A media trama, la mencionada arma es detonada, con las hemáticas y decibélicas consecuencias que de tal suceso pueden esperarse; efectivamente, al mismo tiempo, tiene verificativo la tan esperada irrupción del hecho no-rutinario –esperada, es preciso insistir, por quienes de este lado de la pantalla con dificultad creciente aguantaron hasta este punto tanta tensión acumulada. Empero, son tales el ritmo y el tono impresos en la cinta, que por lo bajo uno va sintiendo cómo le crece, hasta invadirle las certezas, la clara noción de que no hay tal irrupción, que no hay rupturas, porque tampoco es verdad que un par de disparos soltados en mala hora accedan al grado de hecho insólito, sobre todo si se toma en cuenta el quién, el dónde y el cuándo de Los bastardos. Si de insólitos se trata más resulta serlo, sobre todo, la inopinada convivencia sostenida por los dos inmigrantes con una mujer nativa, previo a los balazos.

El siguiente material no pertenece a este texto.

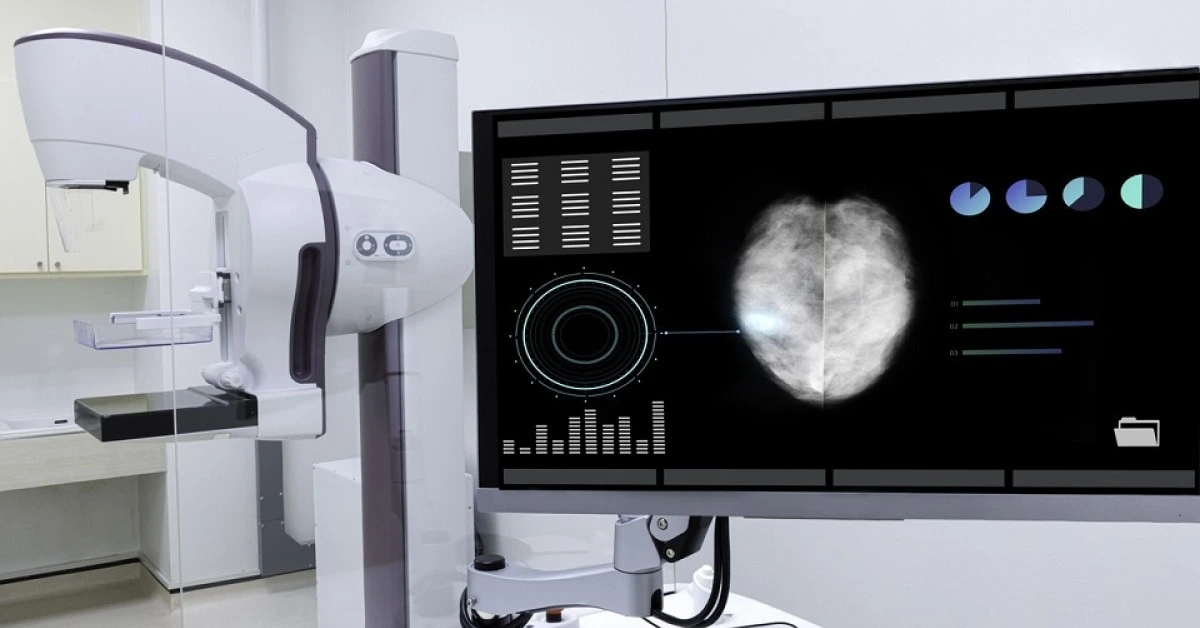 NHS launches AI trial for breast cancer screening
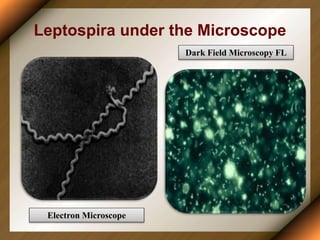 Leptospira under the Microscope
Electron Microscope
Dark Field Microscopy FL
 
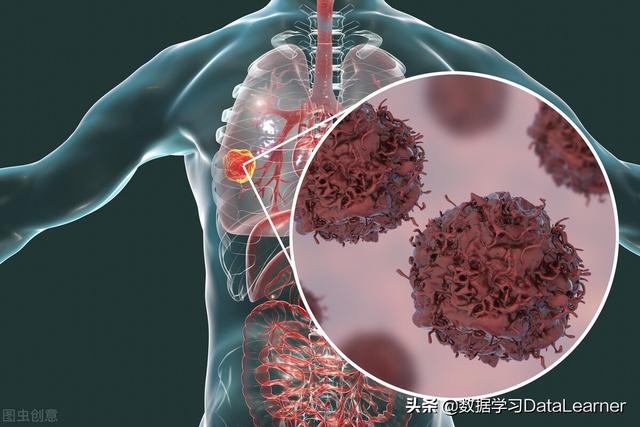 计算机视觉（Computer Visions）在医疗领域的十个应用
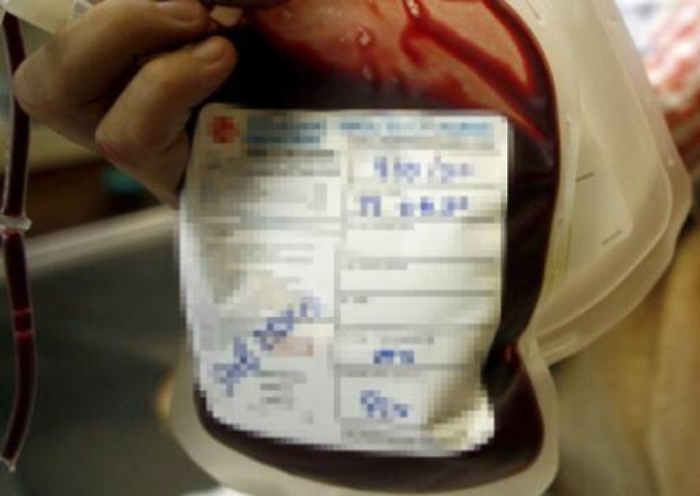 Palermo, esaurite le scorte di sangue: l’allarme dei medici e Ail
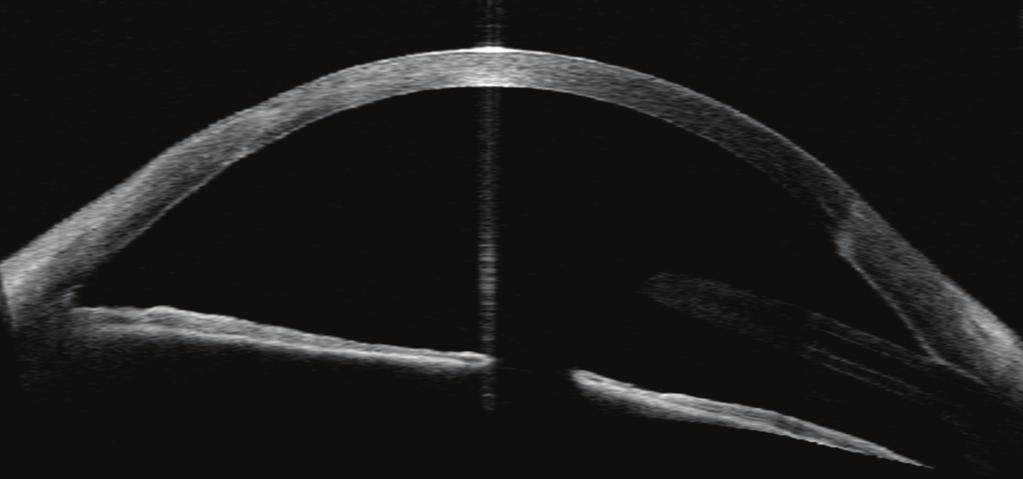 Donor-recipient junction and an inferonasal glaucoma drainage tube, apparently touching the cornea, that presents local edema (right side).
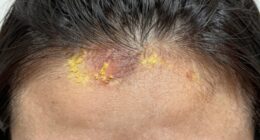 identifying scalp buildup issues
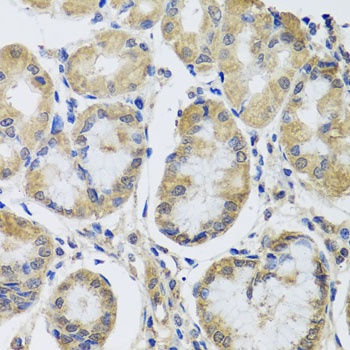 MRPL1 Antibody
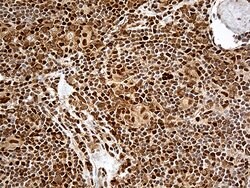 MTOR Monoclonal Antibody (OTI5B1), TrueMAB , OriGene 100 &mu;L; Unconjugated:Antibodies,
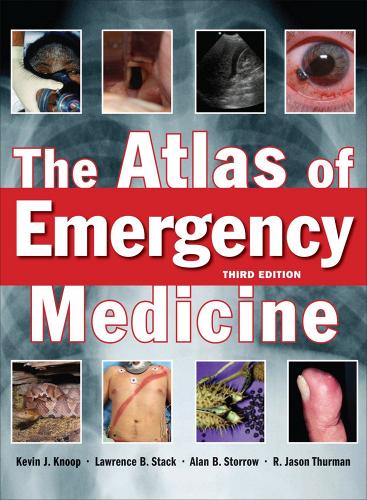 The atlas of emergency medicine edito da McGraw-Hill Education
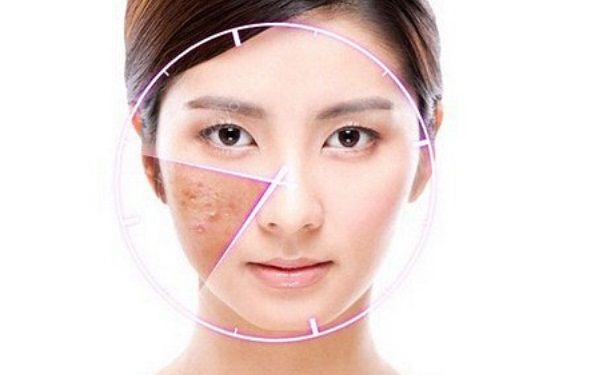 丘疹性痤疮怎么治？丘疹性痤疮怎么治疗？[图]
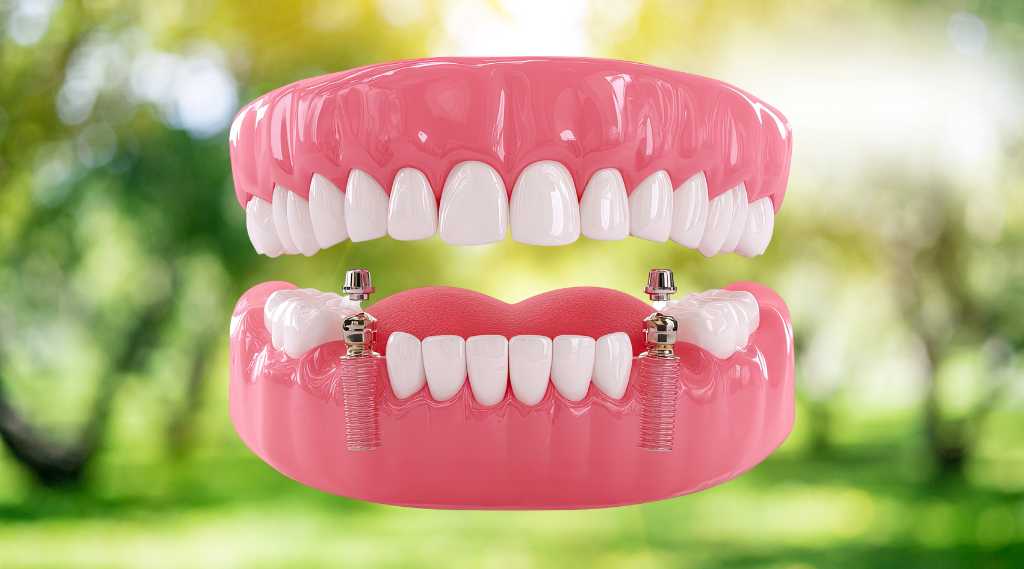 implant-supported-dentures-bentley-dentistry-alberta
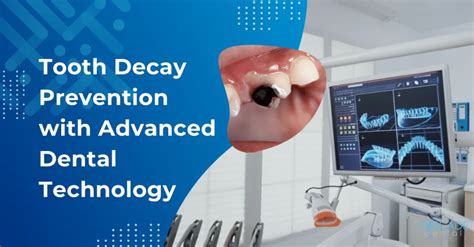 Advanced Dental Technology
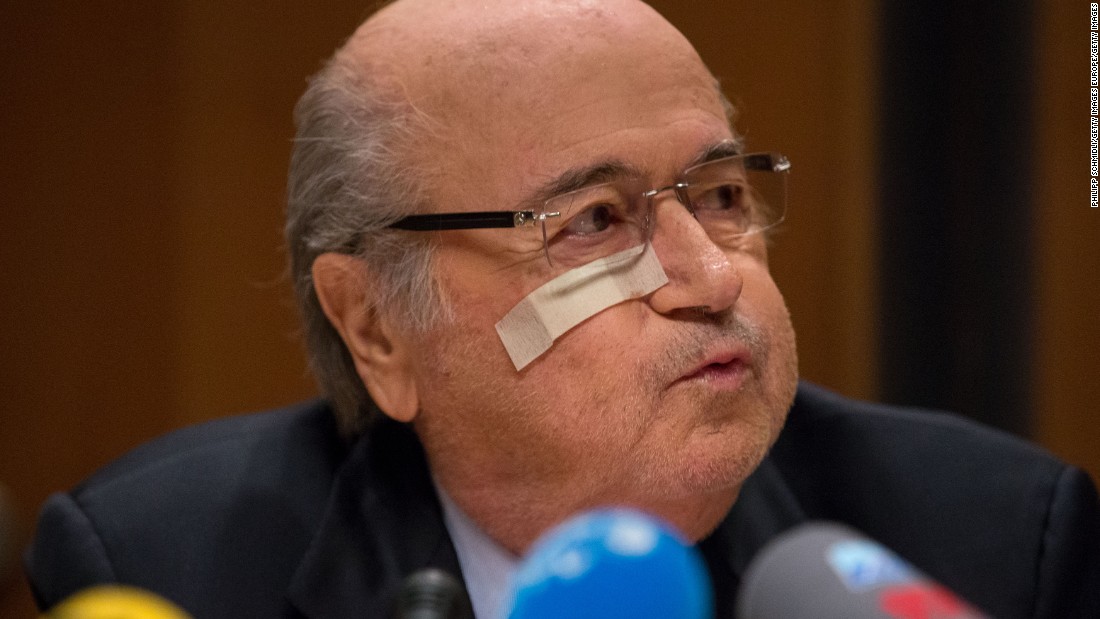 FIFA president Joseph S. Blatter during a press conference he convened in response to the ban imposed by FIFA&#39;s Ethics Committee. The Swiss was sporting a band aid under his right eye -- thought to be because of a recent mole removal.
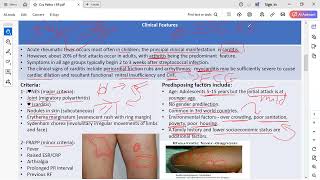 pathology 1  Rheumatic fever CVS [upl. by Alberta]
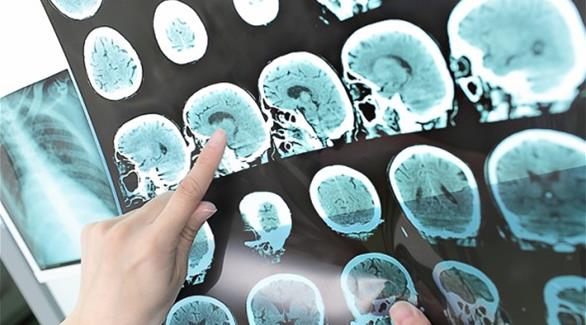 صورة أشعة لدماغ أحد المرضى المصابين بسرطان المخ(أرشيف)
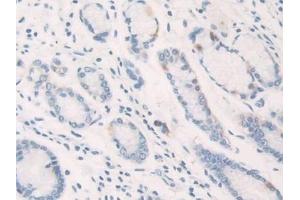 Immunohistochemistry (IHC) image for anti-Interleukin 12 alpha (IL12A) (AA 23-219) antibody (ABIN7430651)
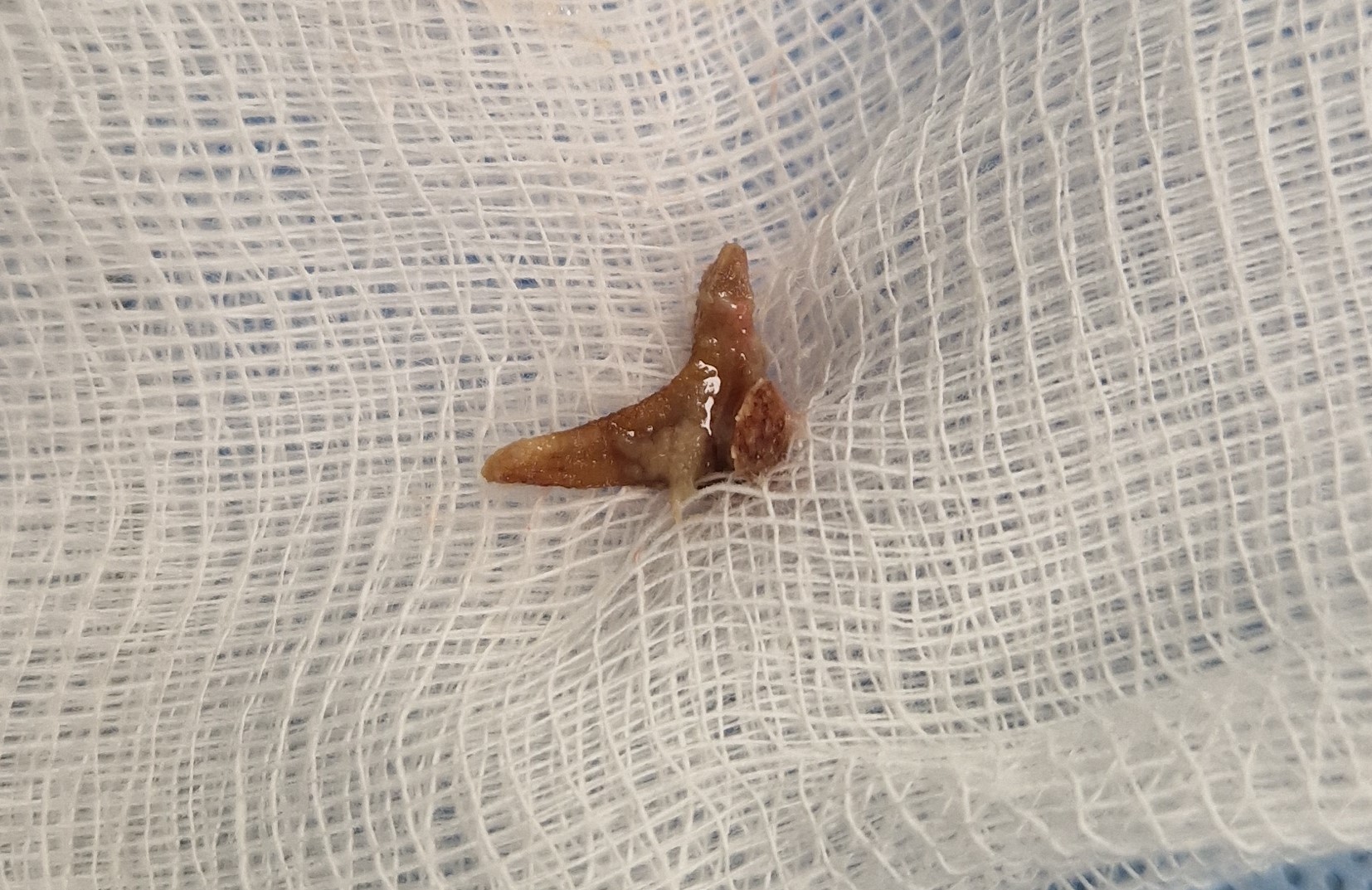 Χανιά: Είχε κόκκαλο από κουνέλι στον πνεύμονά της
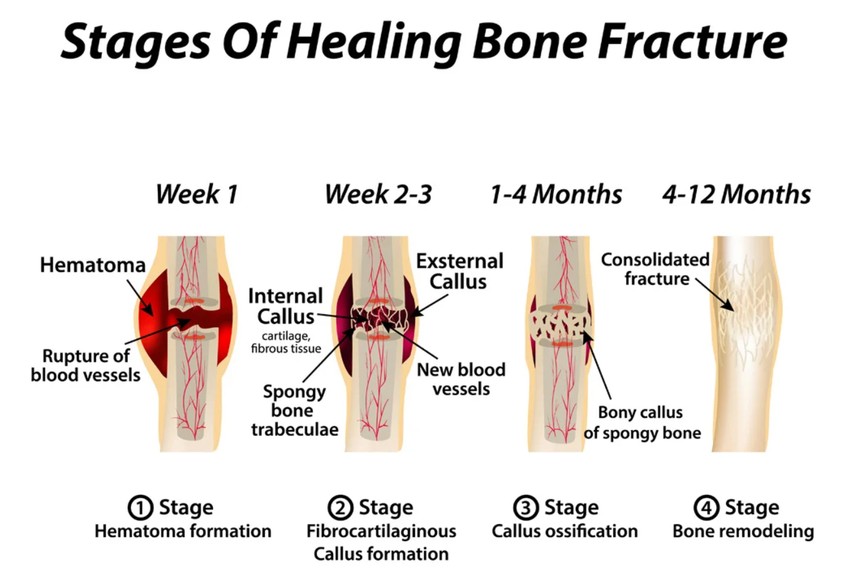 Mikor gyógyul meg egy csonttörés? A törés helyétől és súlyosságát jelző típusától függően általában a törött csont gyógyulása 2-3 hónap gyógyulási időt minimum igényel.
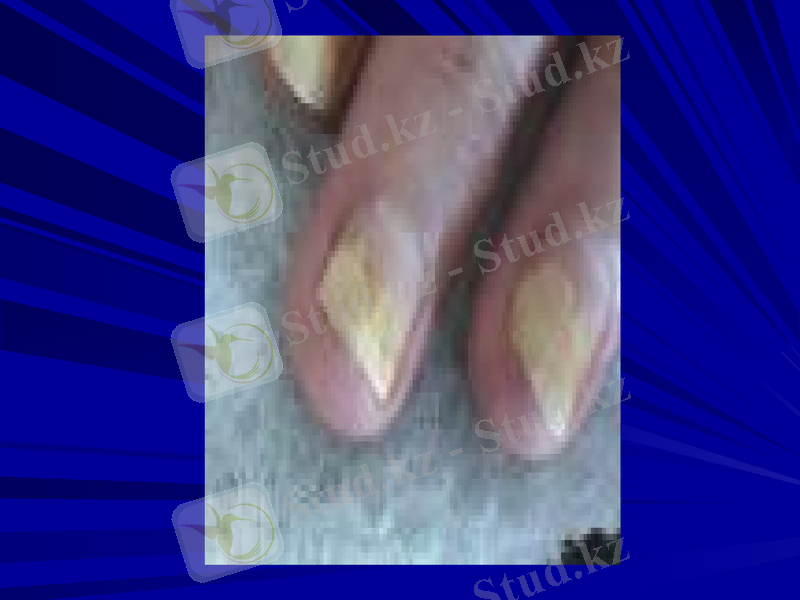 Slide 45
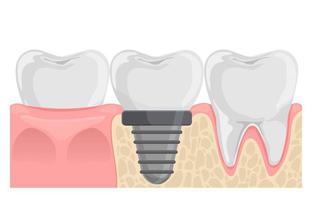 Dental implant Tooth replacement. Teeth in gum anatomy. Flat vector illustration isolated on white.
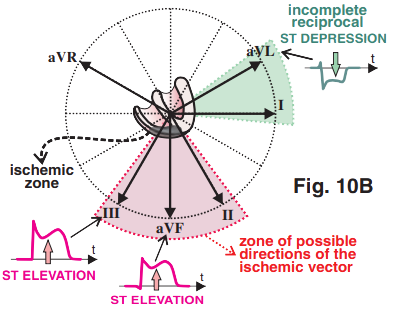 Inferior STEMI infarction, reciprocal ST depression, ischemic vector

En esa inversión de valores, tanto de carácter ético como en cuanto al peso relativo que se le concede a los hechos que enhebran la trama, radica el más grande acierto del director: lo verdaderamente grave no es aquello que aparenta serlo, sino eso otro en lo que nadie suele ya reparar, por ejemplo, en la rutina.
Entrevistado por Dilek Aydin, y en respuesta a una pregunta acerca de las razones por las cuales decidió que el principio y el final de Los bastardos, su segundo largometraje (el primero es Sangre), fuesen sendos plano-secuencias de considerable extensión, Amat Escalante respondió: “Hasta ahora me siento cómodo haciendo cosas que no puedo explicar, por lo que he llegado a creer que hago bien al filmarlas. Si no ¿cuál es el punto?”